Both of them looked at me, looked me dead in the eyes, but nothing spoke of recognition in their faces as they shrugged, two other girls giggling at silly old me greeting people that didn't know me. Then they walked past and continued on with their conversation as if I'd never even caught their eye.

I stood there, dumbfounded. During the last months, heck, the last year I hadn't really interacted with people that much, but still, to not be remembered by people I'd considered something close to friends was harsh.

I stared down the street, where they'd come from and I'd walk towards, thinking of how far away I had drifted.

Even before the incident, I'd never been much of a social person. I'd had people to talk to during uni, eat with or even sometimes go shopping with after school if necessary. Other than that, yes, I admit I barely hung out with anyone, but this was too much. Apparently, I wasn't even worth missing when gone.

I on the other hand, had missed it. Maybe not specifically them for who they were, but the times we spent laughing over senseless stuff and even though we never declared each other friends, we were still a small group of people, put together through the same lectures, and it worked.
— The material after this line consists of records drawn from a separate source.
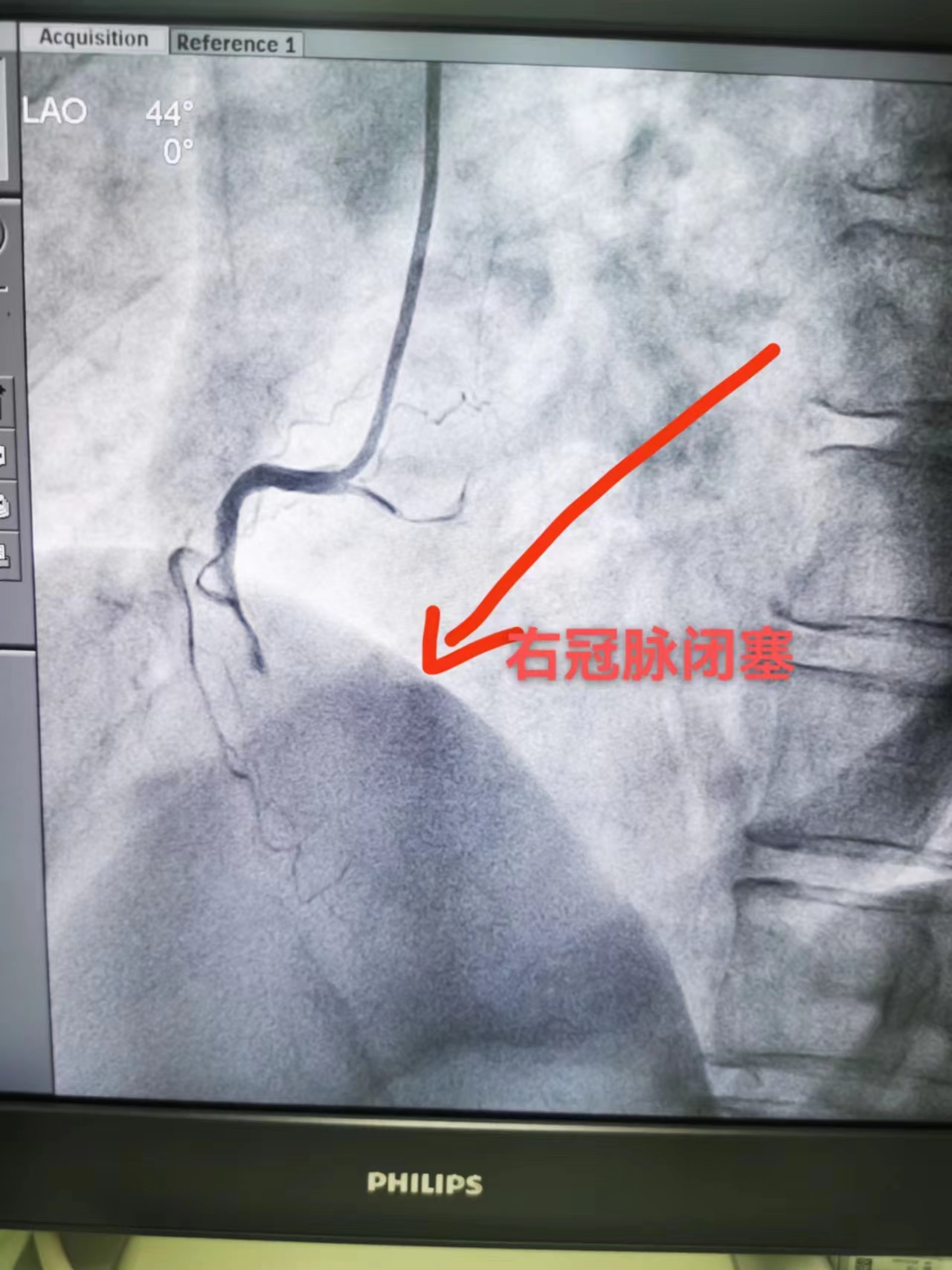 六旬老人凌晨心梗，“救心”专家紧急介入转危为安(图2)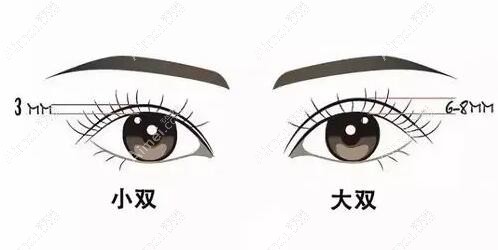 杭州张霞飞双眼皮做得怎么样？张霞飞做初眼及双眼皮失败修复技术好，放心选！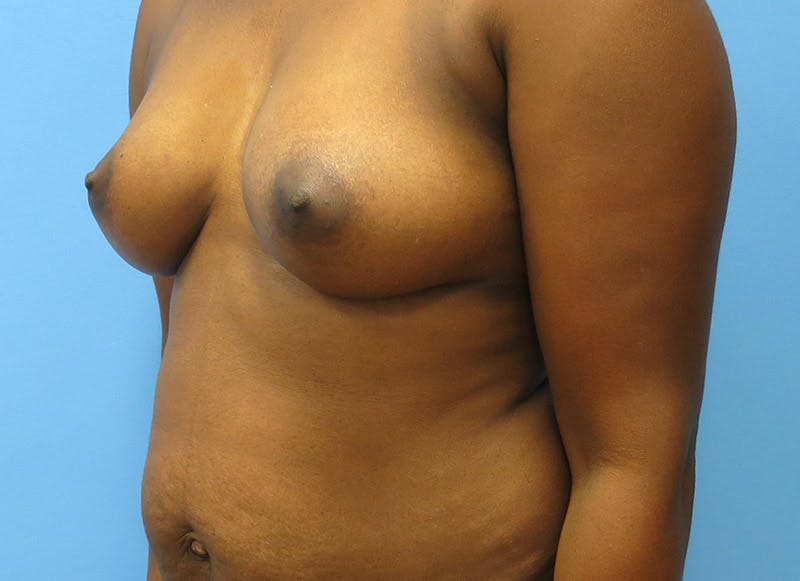 Flap Reconstruction Gallery Before & After Gallery - Patient 112337950 - Image 3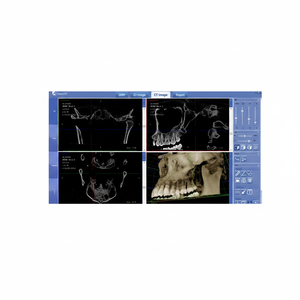 Appareil de radiographie panoramique dentaire 3D CBCT avec fonction céphalométrique numérique - Product Image 1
When I had been recovering I had missed those times, I had missed just being able to walk up to them and casually pat them on their shoulder, to get the courage to talk to them. At the beginning, when I had gone back to uni, I couldn't even be close to them because my irrational fear wouldn't let me. Now, there was no getting back what I'd so unwillingly lost.

After closing my eyes for a few seconds, I decided to accept it as it was. There was no space on my shoulders to add another weight. So I walked home and forced a smile on my face. Not for anyone else to be convinced by, but for me, to prove that I could do it would I choose to.

Neither of my parents were home when I returned. I wasn't surprised. My lecture was on for another twenty minutes so they wouldn't expect me home earlier than the next hour.

I settled in the kitchen after putting all of my stuff away and just sat there waiting.

Citty was my priority now, I had decided. I would tell them about her disappearance, just to have it off my chest and to have them to talk to. Not talking to my parents about anything had also been a regular occurrence recently. And I couldn't continue this way. I wanted our former relationship back and maybe this was my chance.

When the front door opened I tried to relax, but my heart beat far too fast.

"Duncan? What are you doing here? You're really early." Mom commented when she saw me sitting there. Dad was right behind her; she'd probably picked him up on her way back.